Cutting Edge: Bacterial DNA and LPS Act in Synergy in Inducing Nitric Oxide Production in RAW 264.7 Macrophages

Abstract

LPS is well recognized for its potent capacity to activate mouse macrophages to produce NO, an important inflammatory mediator in innate host defense. We demonstrate here that, although inducing little NO alone, DNA from both Gram-negative and Gram-positive bacteria synergizes with subthreshold concentrations of LPS (0.3 ng/ml) to induce NO in cultures of RAW 264.7 macrophages.

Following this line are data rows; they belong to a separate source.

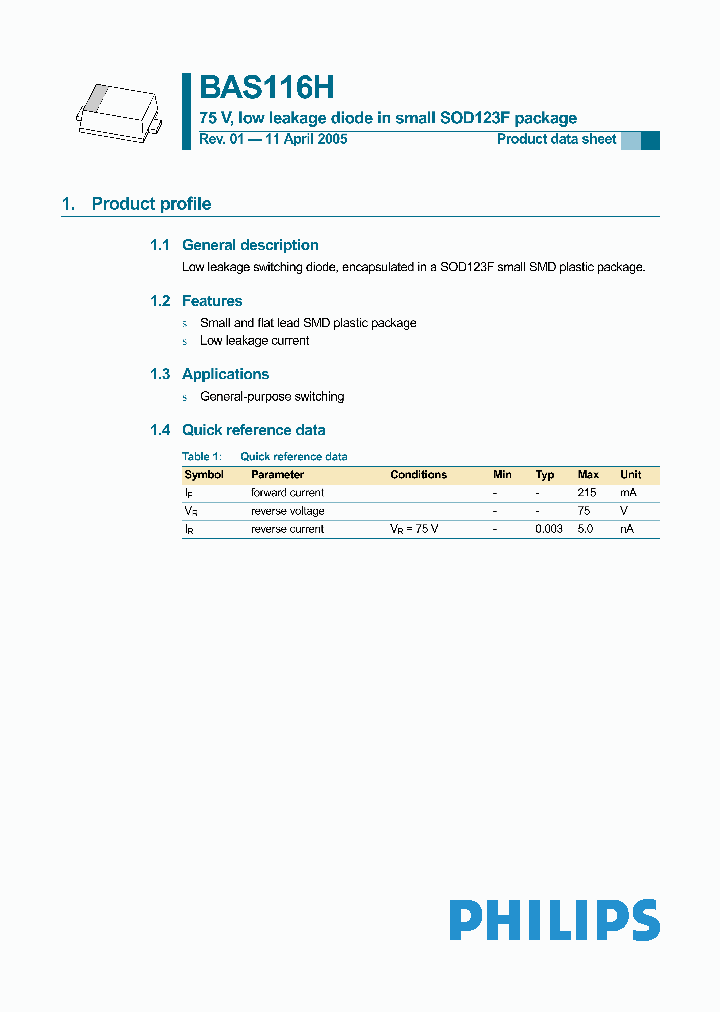 BAS116H_1217111.PDF Datasheet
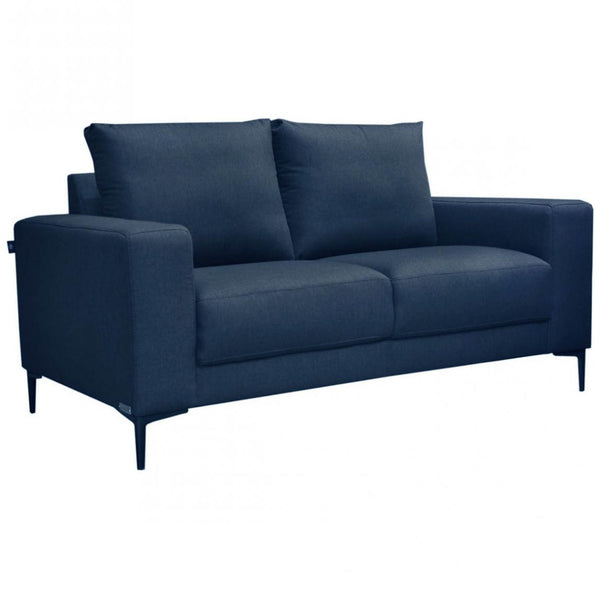 Love Seat Qubo Muebles Liz Tapizado en Tela Azul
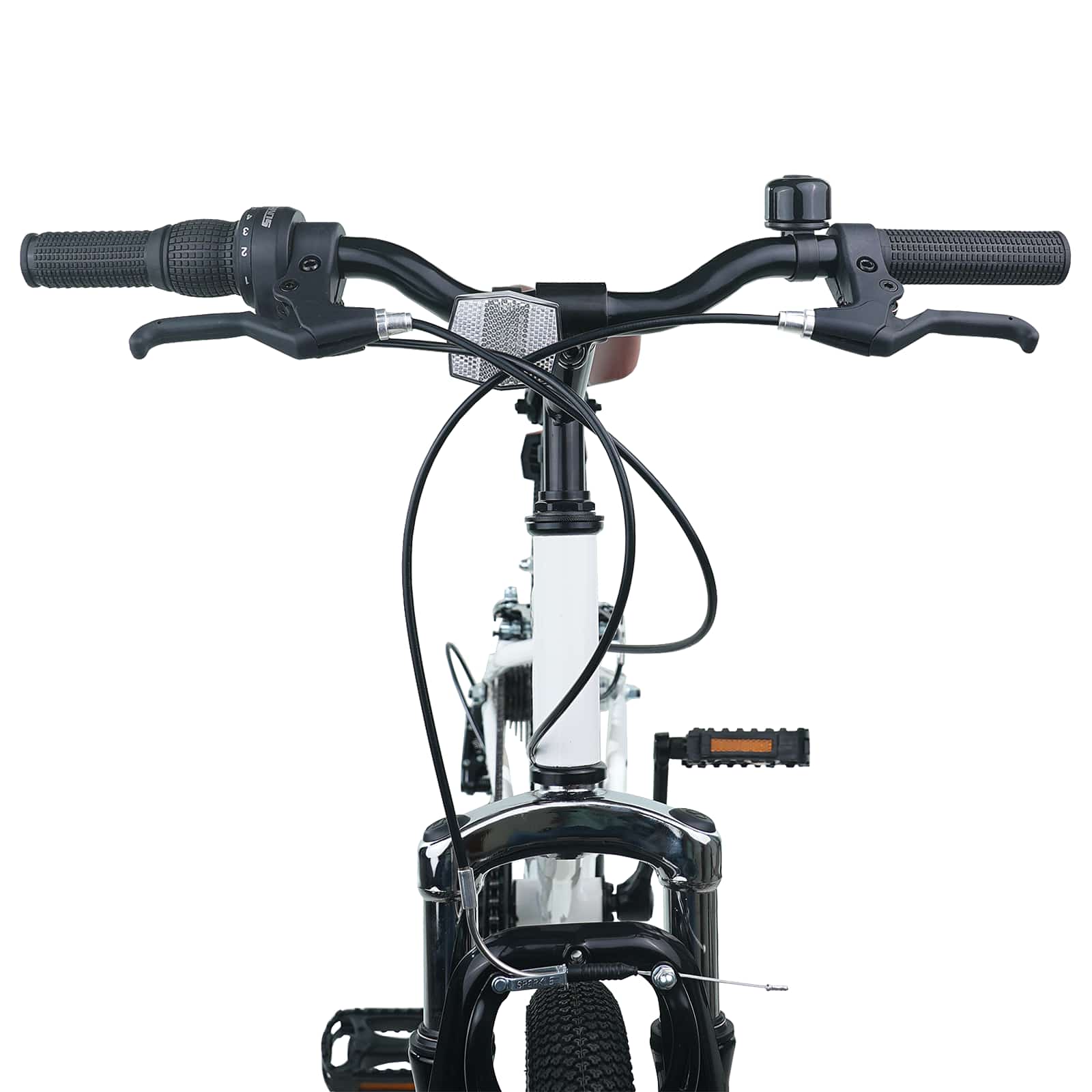 Mountainbike 20 Zoll 6-Geschwindigkeit für 5-8 Jahre alt Weiß
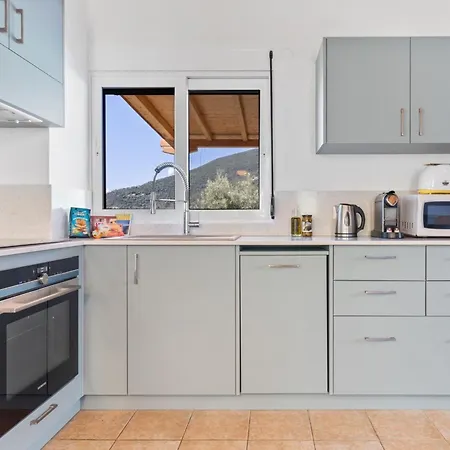 Giancarlo - Lovely With Stone And Wood Elements In Sivota Bay Villa
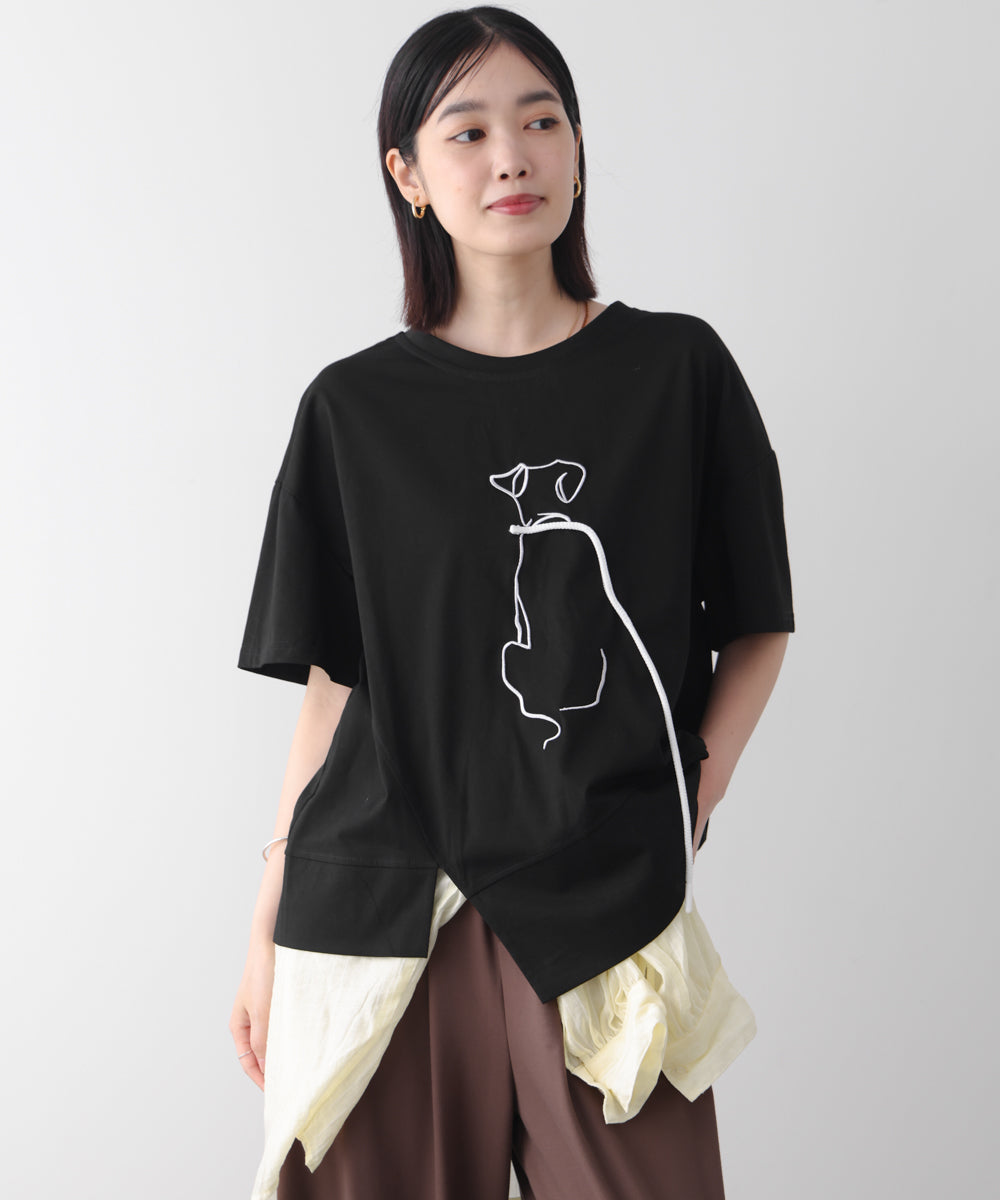 ドック刺しゅうTシャツ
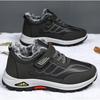 New Winter Boots for Men Waterproof Leather Warm Snow Ankle Boots Outdoor Warm Plush Non-slip Work High-top Casual Sneakers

The effects of the DNA are mimicked by synthetic CpG-containing oligodeoxynucleotides but not by non-CpG-containing oligodeoxynucleotides. This synergistic activity is not inhibited by neutralizing Abs against IFN. Preincubation of macrophages with DNA for 8–24 h suppresses subsequent synergistic macrophage responses to DNA/LPS, whereas prolonged pretreatment with LPS enhances synergy. RT-PCR analysis indicates that the mRNA levels of the inducible NO synthase gene are also coordinately suppressed or induced. These findings indicate that temporally controlled, synergistic interactions exist between microbial DNA and LPS in the induction of macrophage NO via enhanced inducible NO synthase gene expression.